About this task> What you return must match the data below exactly, minus any pictures.

Data shown>
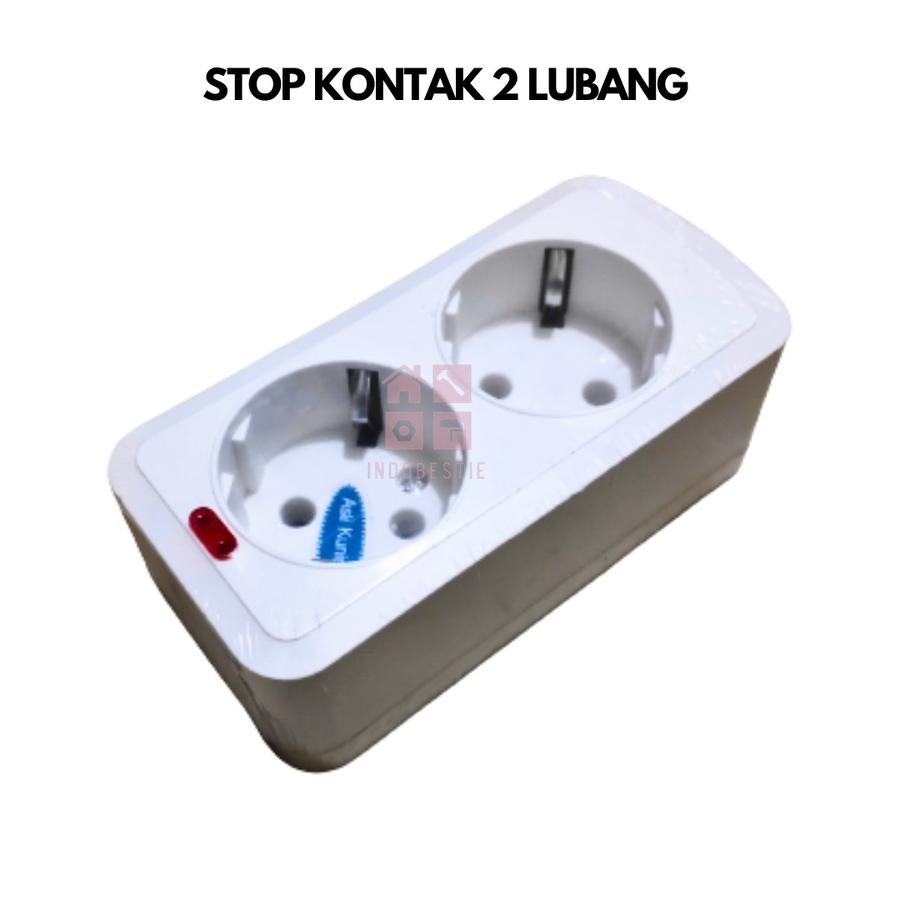 STOP KONTAK 2 LUBANG COLOKAN LISTRIK STOP KONTAK TANPA KABEL DUTRON IB8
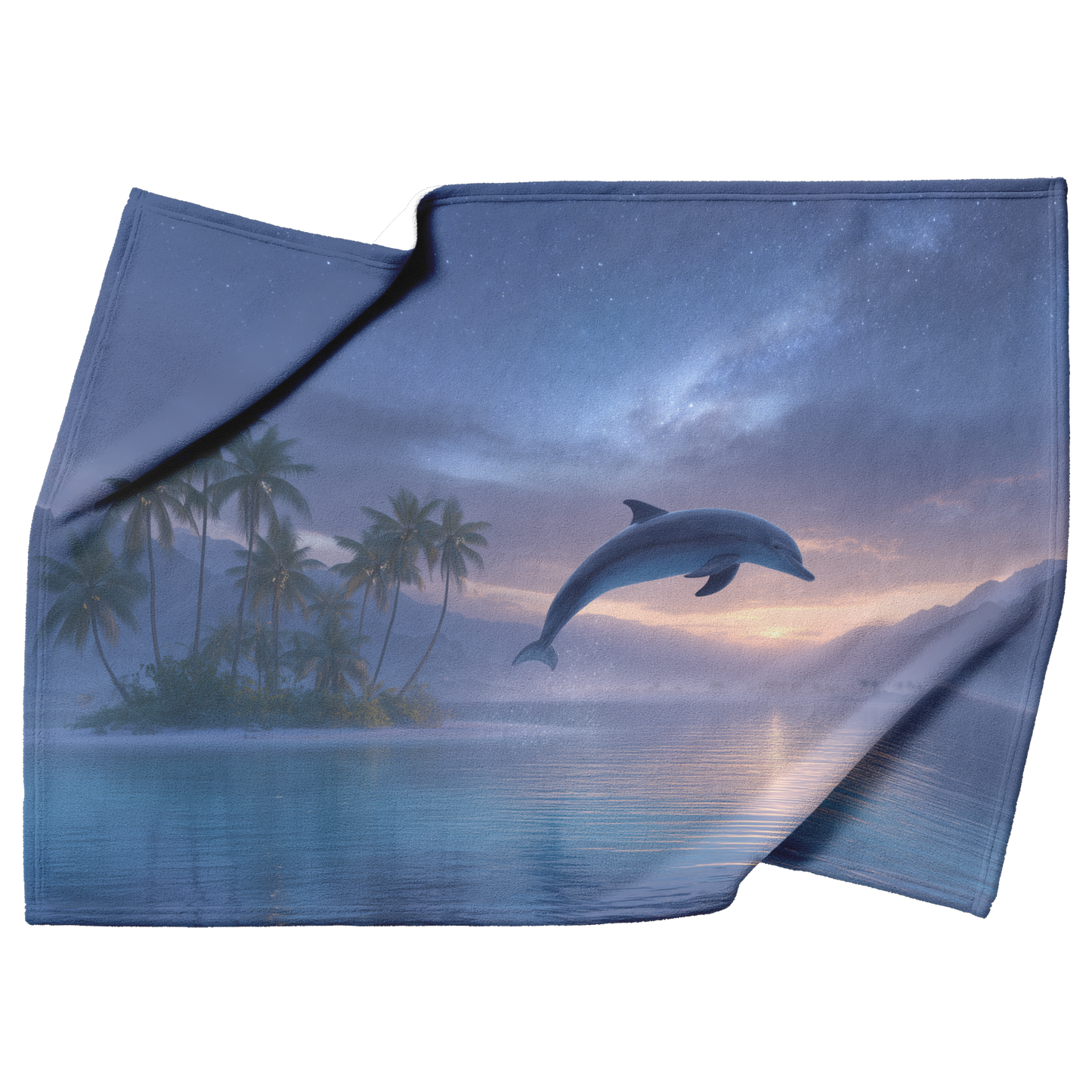 Photorealistic_Baby_Dolphin_Jumping_Out__H_Blanket_Top_Bottom_Folds_Mockup.png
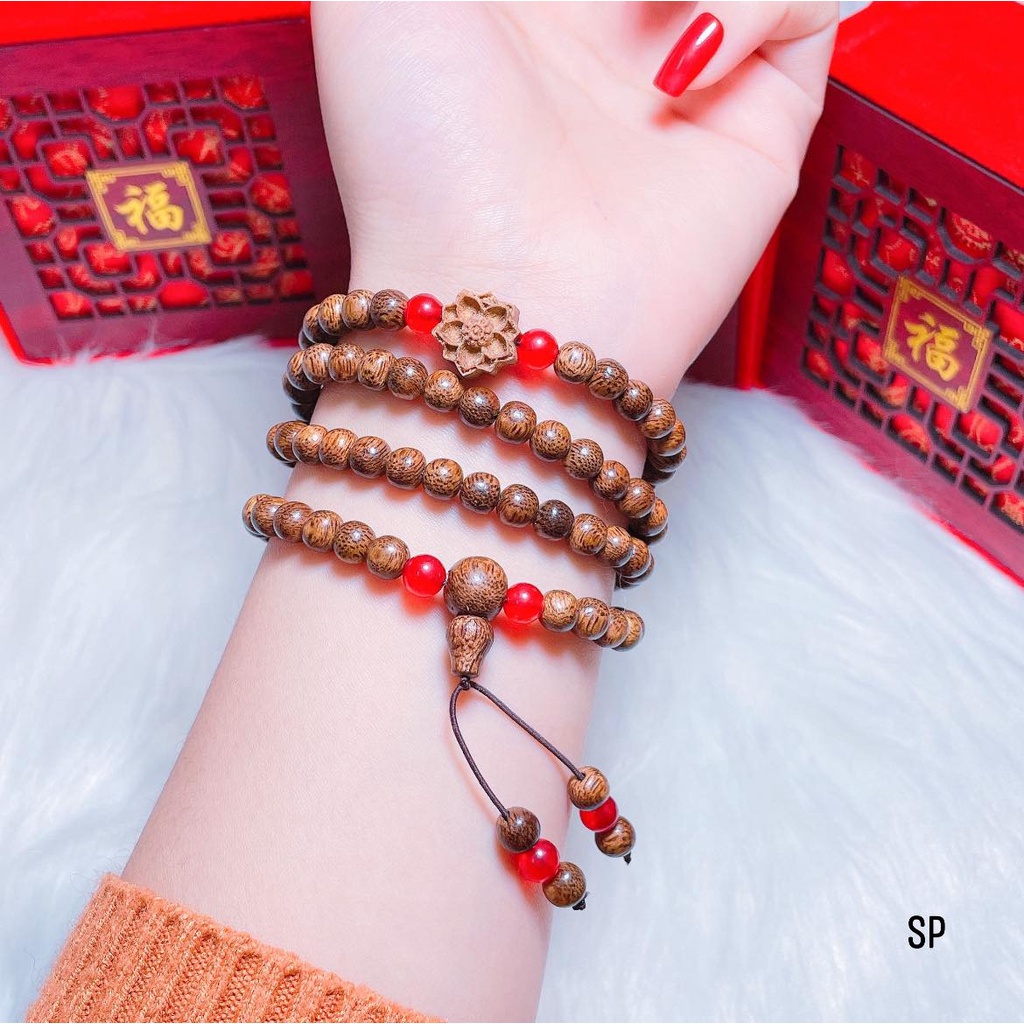VÒNG TAY TRẦM HƯƠNG HOA SEN ĐÁ PHONG THỦY 6MM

Reply>
 STOP KONTAK 2 LUBANG COLOKAN LISTRIK STOP KONTAK TANPA KABEL DUTRON IB8
 Photorealistic_Baby_Dolphin_Jumping_Out__H_Blanket_Top_Bottom_Folds_Mockup.png
VÒNG TAY TRẦM HƯƠNG HOA SEN ĐÁ PHONG THỦY 6MM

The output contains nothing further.